The original Lisp Machine Manual, the direct spiritiaul ancestor of the LFE Machine Manual, described both the language and the "operating system" of the Lisp Machine. The language was a dialect of Lisp called Zetalisp. Zetalisp was a direct descendant of MACLISP, created as a systems programming language for the MIT Lisp machines. This is of special note since Erlang was created as a systems programming language too. One of it's co-creators, Robert Virding, created Lisp Flavoured Erlang (LFE) based upon his expereinces with Franz Lisp (which based largely upon MACLISP), Portable Standard Lisp (itself an experiment in systems programming), and ultimately in an implementation he made of Lisp Machine Flavors on top of VAX/VMS where he extensively utilized the Lisp Machine Manual.
As such, LFE has a very strong inheritance of systems programming from both parents, as it were. First and foremost, it is a BEAM language written on top of the Erlang VM and from which it strays very little. Secondly, it is a Lisp dialect. It is, however, entirely a systems programming language.

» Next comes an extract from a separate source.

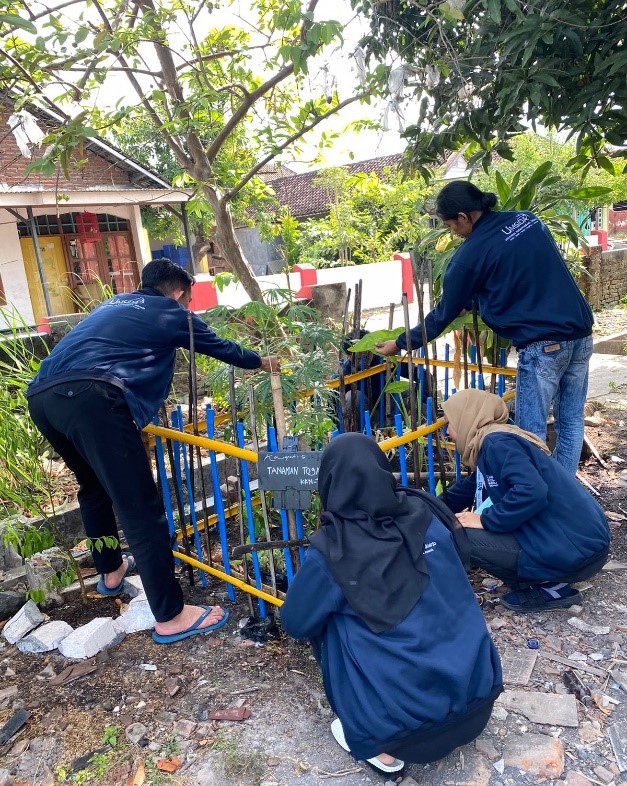 Penanaman Bibit Toga Dan Peletakan Tempat Sampah Terpusat Bagi Warga Kedurus Kkn T Umsida 9402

Which brings us back to Zetalisp and the Lisp Machine Manual. It seemed only fitting to base the LFE manual upon the fantastic work and docuentation that was done on Lisp systems programming in the 70s and 80s, work that so many of us treasure and adore and to which we still defer. Thus the machine that is OTP in the context and syntax of the LFE Lisp dialect is extensively documented in the LFE MACHINE MANUAL.